Captioned web images
▬▬▬

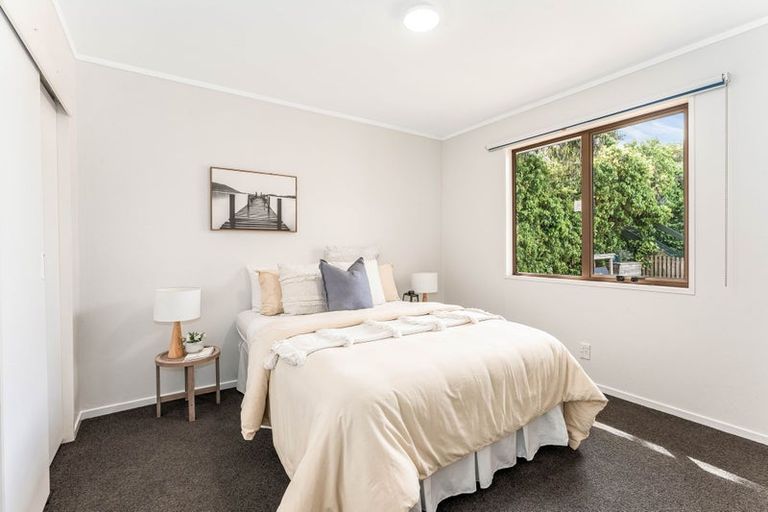 Photo of property in 11 The Anchorage, Whitby, Porirua, 5024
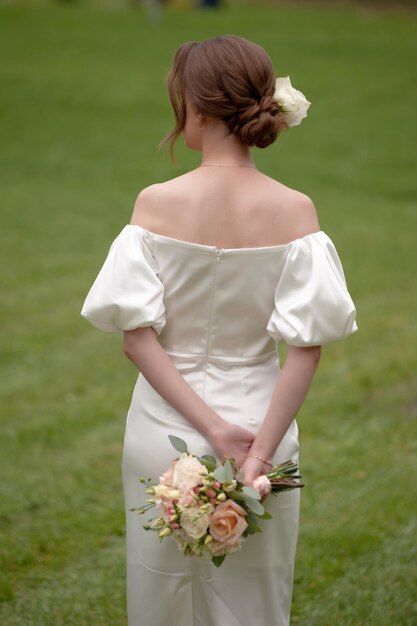 mariée classique en plein air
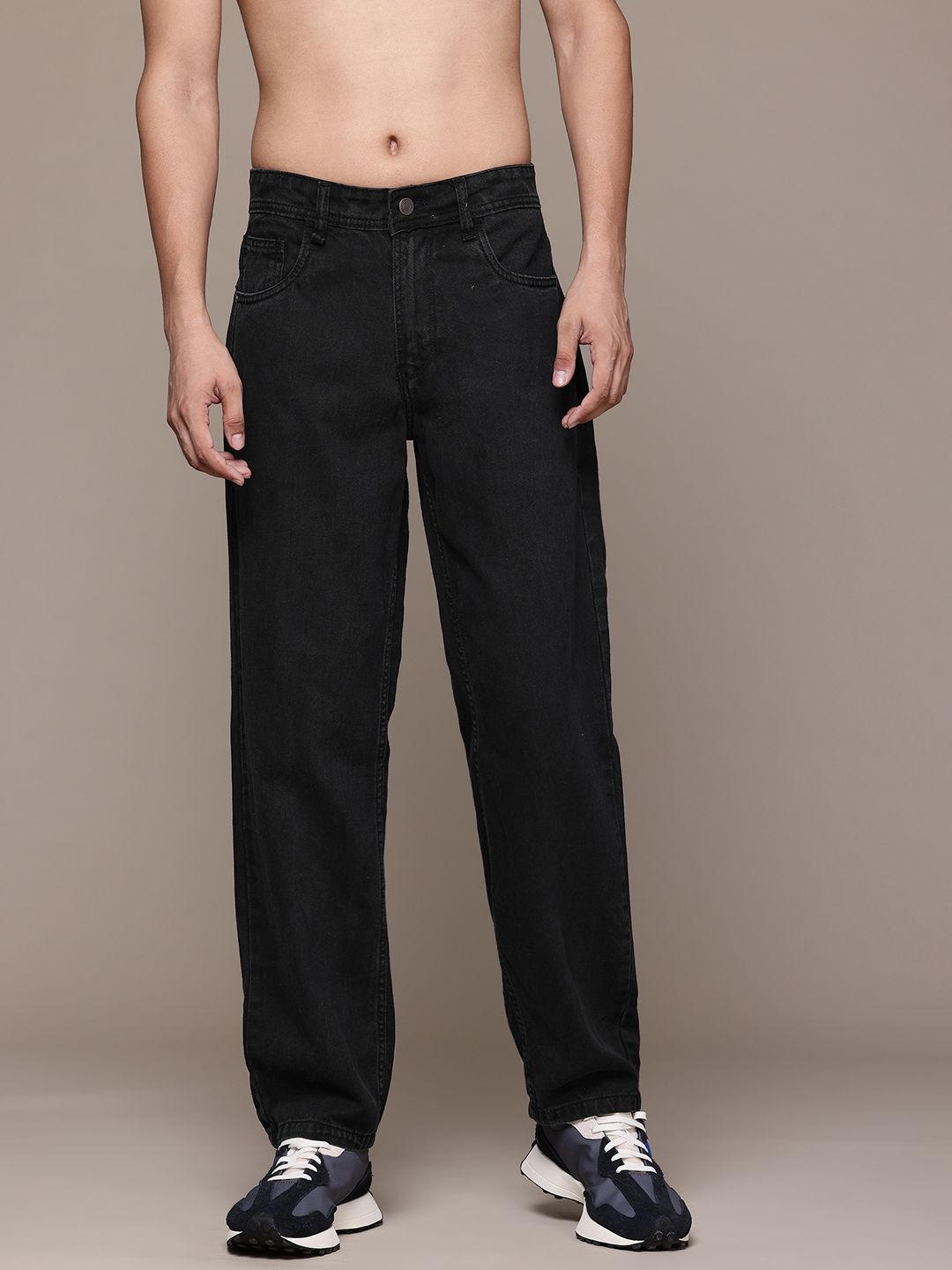 The Roadster Lifestyle Co. Men Straight Fit Jeans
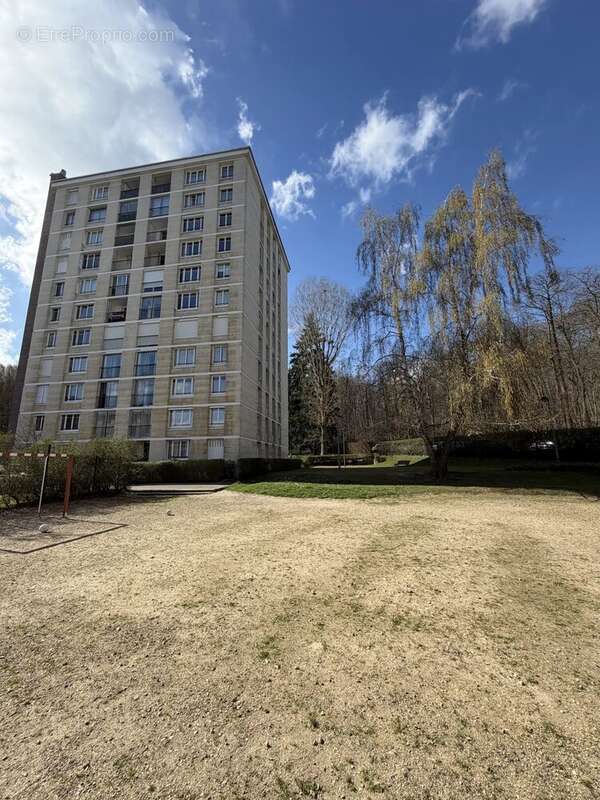 Appartement à BOUGIVAL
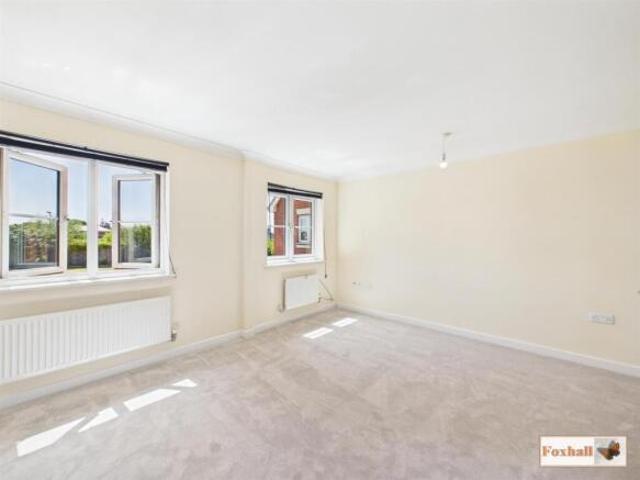 Flat for sale in California, Ipswich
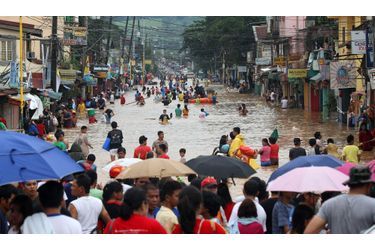 La capitale de l’archipel des Philippines fait face à des pluies diluviennes depuis la fin juillet. Déjà 60 morts recensés rien qu’à Manille, et presque autant dans le reste du pays. Dans les bidonvilles, les barques des habitants, souvent précaires, ne résistent pas tout le temps à la montée des eaux. Seuls les écoles et gymnases de la ville font office de refuges sûrs.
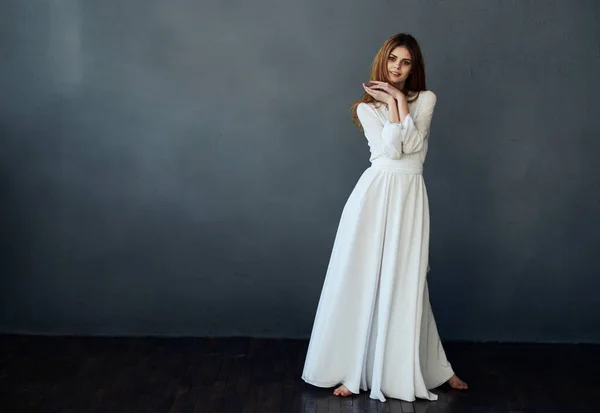 Mujer atractiva en vestido blanco glamour fondo gris — Foto de Stock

▬▬▬

What the exercise asks ▸ Reproduce each entry exactly, without the pictures.

Solved problem ▸
 Photo of property in 11 The Anchorage, Whitby, Porirua, 5024
 mariée classique en plein air
 The Roadster Lifestyle Co. Men Straight Fit Jeans
 Appartement à BOUGIVAL
 Flat for sale in California, Ipswich
 La capitale de l’archipel des Philippines fait face à des pluies diluviennes depuis la fin juillet. Déjà 60 morts recensés rien qu’à Manille, et presque autant dans le reste du pays. Dans les bidonvilles, les barques des habitants, souvent précaires, ne résistent pas tout le temps à la montée des eaux. Seuls les écoles et gymnases de la ville font office de refuges sûrs.
 Mujer atractiva en vestido blanco glamour fondo gris — Foto de Stock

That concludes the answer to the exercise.